We can now interact with specific cells by creating cell objects, referenced via a sheet method.


In [18]:
# Just references an object exists; requires an additional method to interact with
sheet['A1']


Out[18]:
<Cell Sheet1.A1>

The .value method returns the actual value in the cell.


In [19]:
cell = sheet['A1']
cell.value


Out[19]:
datetime.datetime(2015, 4, 5, 13, 34, 2)

This particular cell returns a datetime reference from Excel via Python's own datetime module. A string value is available by passing into the str() function:


In [22]:
print(str(cell.value))
print(str(sheet['A1'].value))


2015-04-05 13:34:02
2015-04-05 13:34:02

All cell values inherit their data types from Excel.


In [35]:
print("The value in cell %s is '%s' and is type %s." %('A1', sheet['A1'].value, type(sheet['A1'].value)))
print("The value in cell %s is '%s' and is type %s." %('B1', sheet['B1'].value, type(sheet['B1'].value)))
print("The value in cell %s is '%s' and is type %s." %('C1', sheet['C1'].value, type(sheet['C1'].value)))


The value in cell A1 is '2015-04-05 13:34:02' and is type <class 'datetime.datetime'>.
The value in cell B1 is 'Apples' and is type <class 'str'>.
The value in cell C1 is '73' and is type <class 'int'>.

You can also reference cells via rows and columns.

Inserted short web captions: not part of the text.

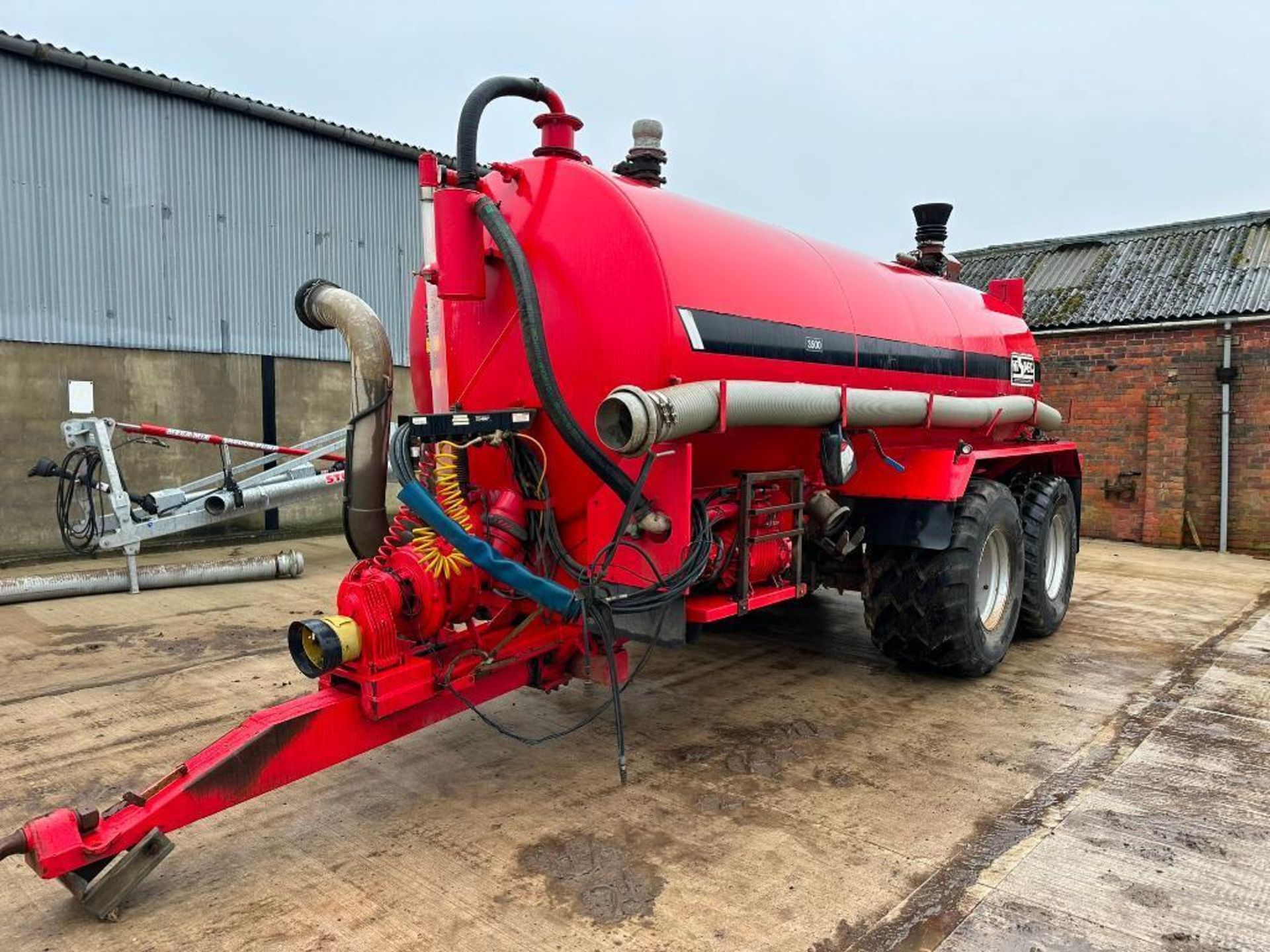 2017 HiSpec TDS 3500 twin axle 3,500 gallon slurry tanker, after market suction funnels, 8" auto fil - Image 5 of 11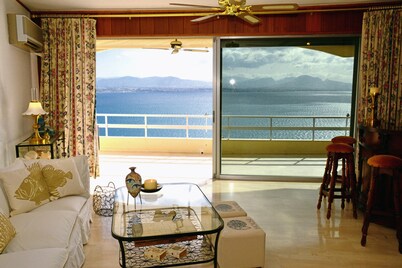 Luxury apart. w/ spectacular views
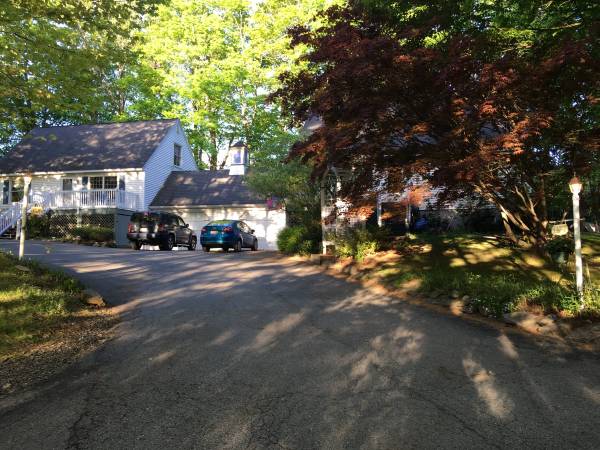 $2,800 / 3br - Lee NH : Welcome Home 3 Bed Home in Oyster River School Dist. $2800 (LEE DURHAM NOTTINGHAM)63656227795457121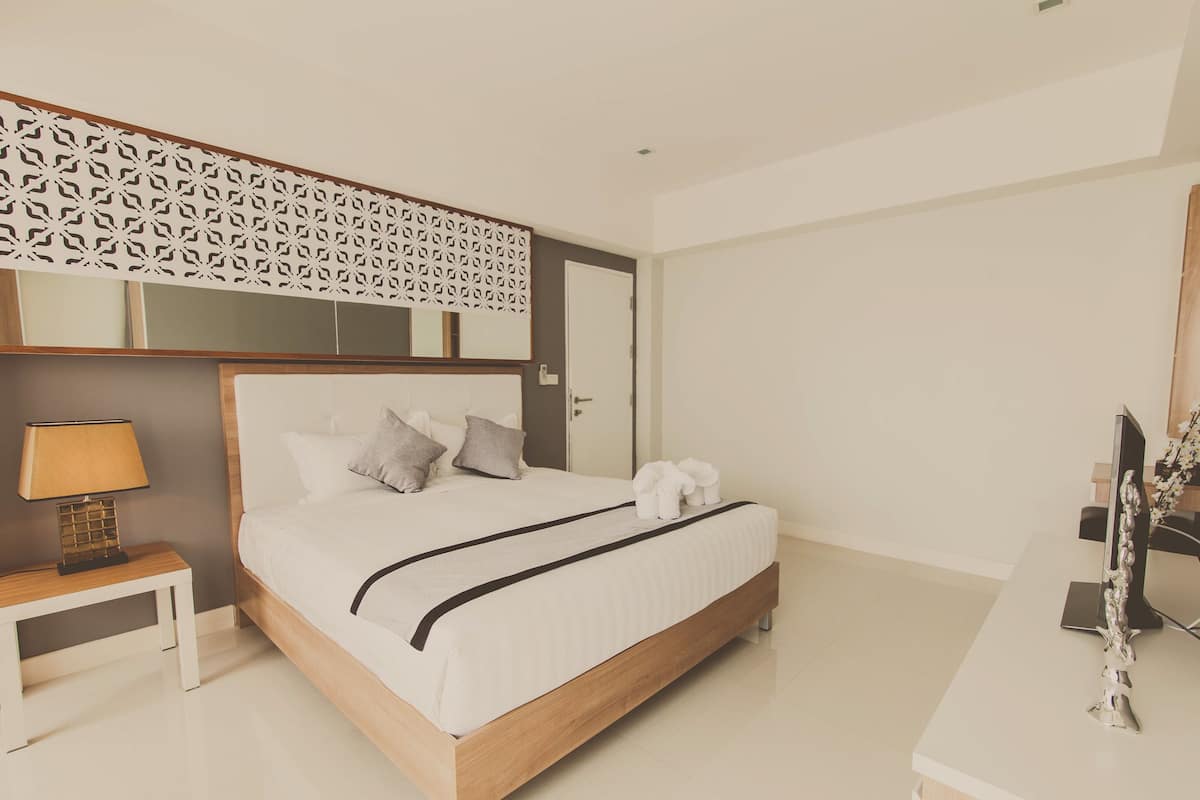 Deluxe kamer, 1 slaapkamer | 1 slaapkamer, een minibar, een kluis op de kamer, een bureau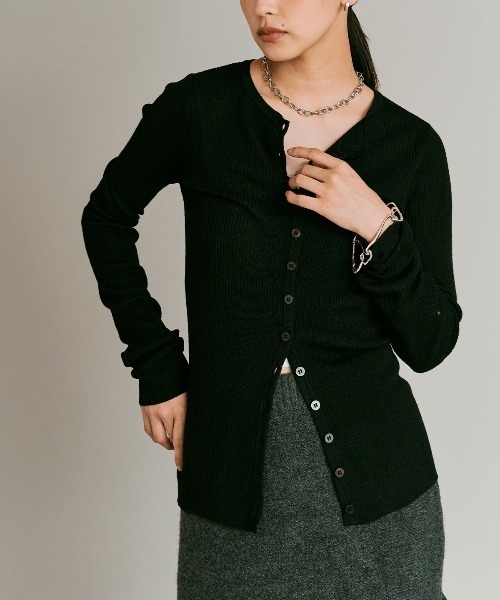 W:Huku(フーク)の「【W:Huku / ウールミックス ライトニット】ロングスリーブ カーディガン / Wool Blend Lightweight Knit Cardigan(ニット/セーター・レディース・ブラック/チャコール/ライトグレー/ブラウン・FREE)」の2枚目の写真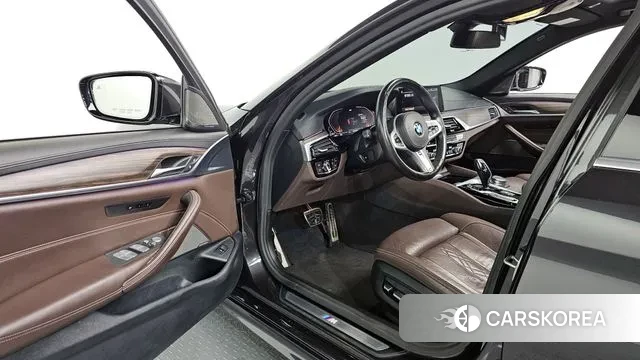 BMW 5 Series (G30) 2020 Серый из Кореи, фото 2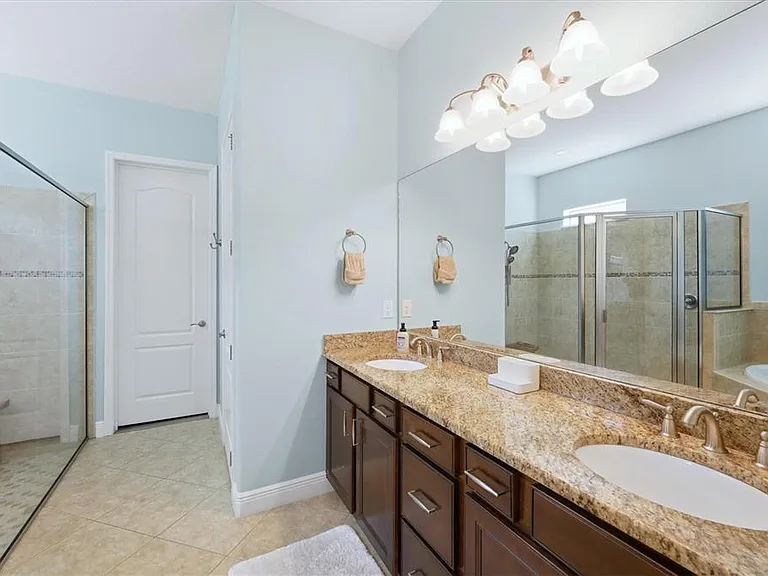 5423 Title Row Dr — Photo 26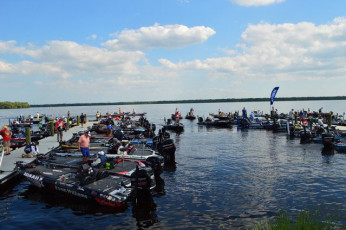 4B93AD9F-CDCF-414E-A381-826EAA56CEC2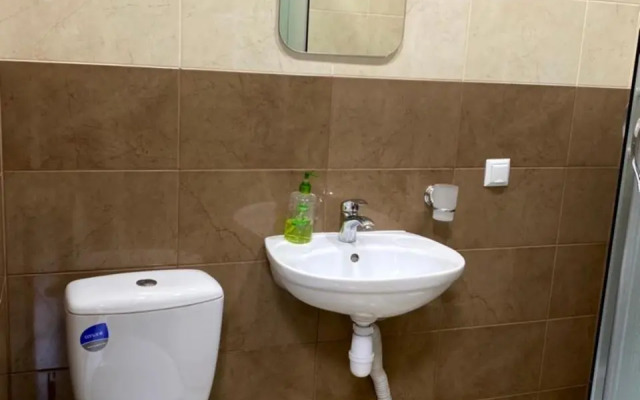 Apartment studio-біля вокзалу-недалеко від центру- наразі є світло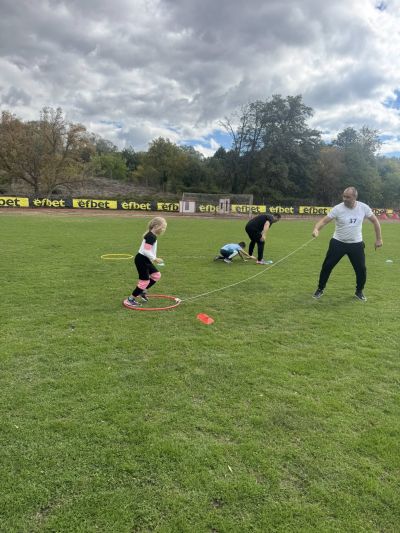 Десетки деца и техните родители участваха в състезанието “Мама, татко и аз 11“ в Казанлък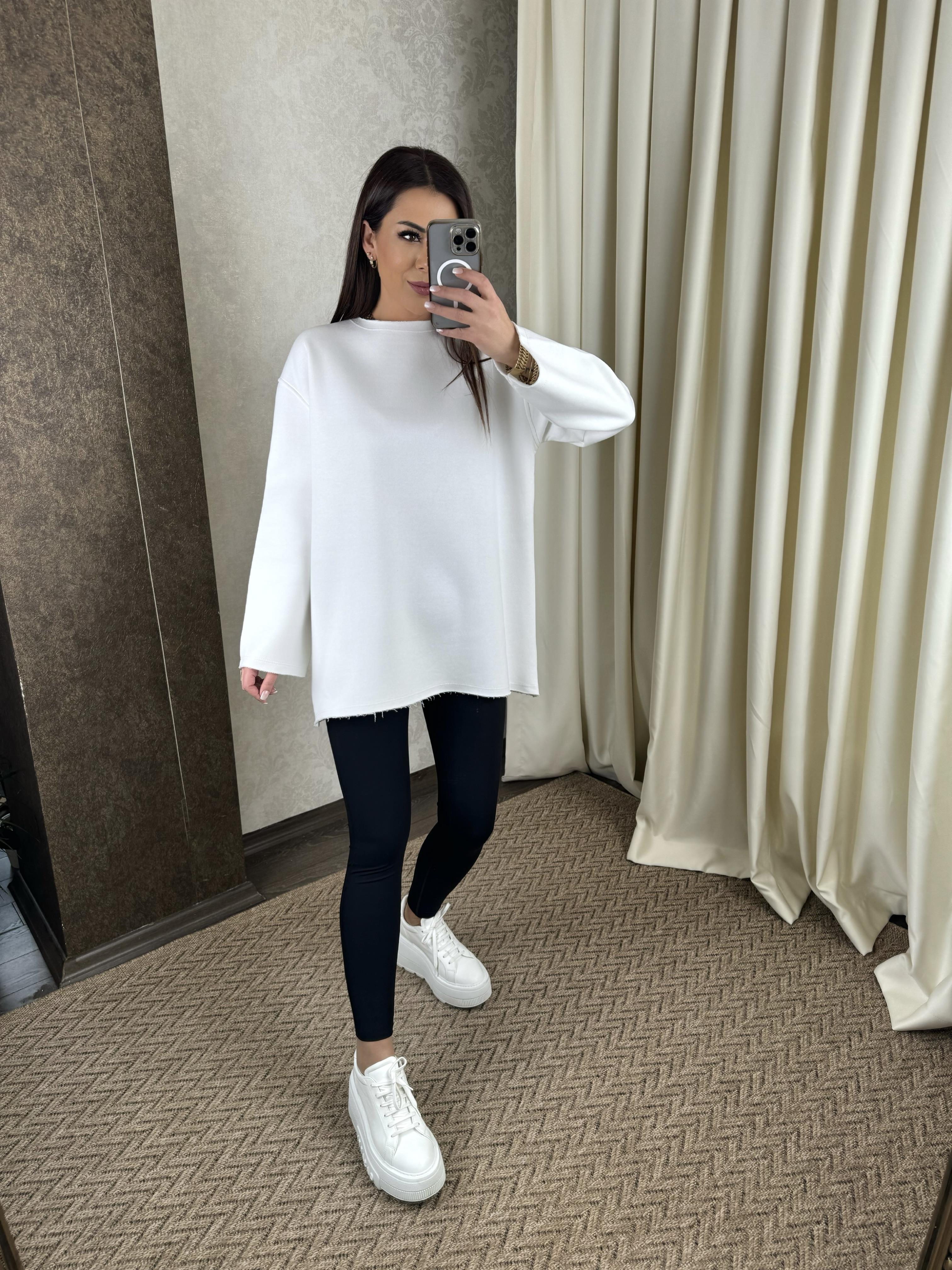 Selly Kadın Oversize Salaş Beyaz Sweat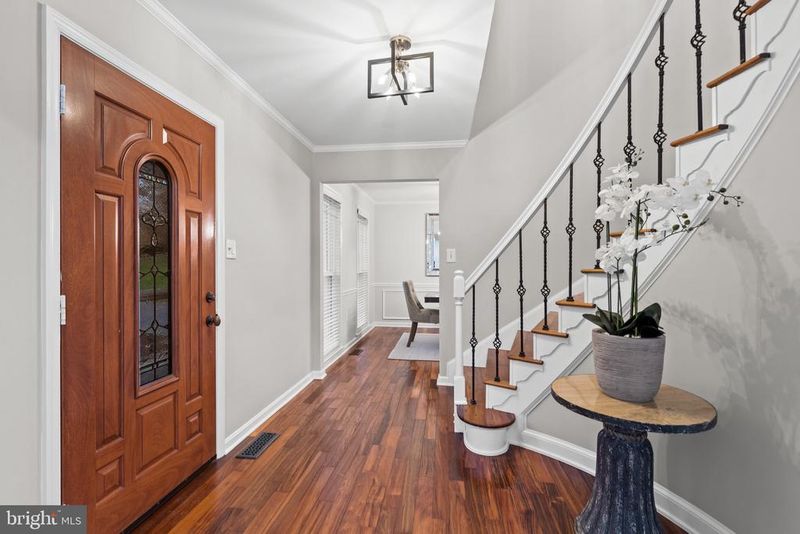 11317 Edenderry Dr, Fairfax, VA 22030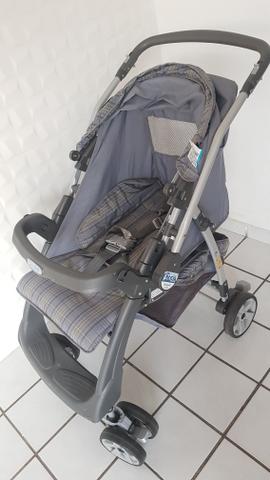 Carro de bebê semi novo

Excel rows start at 1 and columns at A.


In [39]:
# B1 Cell
sheet.cell(row = 1, column = 2)


Out[39]:
<Cell Sheet1.B1>

This can be useful for iterative or looping operations.


In [41]:
for i in range(1,8):
    print(i, sheet.cell(row=i, column=2).value)


1 Apples
2 Cherries
3 Pears
4 Oranges
5 Apples
6 Bananas
7 Strawberries

Recap

  • The OpenPyXl module (openpyxl) handles Excel spreadsheet files (.xlsx).
  • openpyxl.load_workbook() opens a workbook file at a location and returns a workbook object.
  • The .get_sheet_names() method on a workbook prints all the sheet names inide a workbook.
  • The .get_sheet_name() method creates a worksheet object from a sheet in the workbook.
  • The index notation (sheet['A1']) returns cell objects.
  • Cell objects use the .value method which allows you to see the content of the cell.
  • The cell() method also returns a cell object from a sheet, from a defined row and column.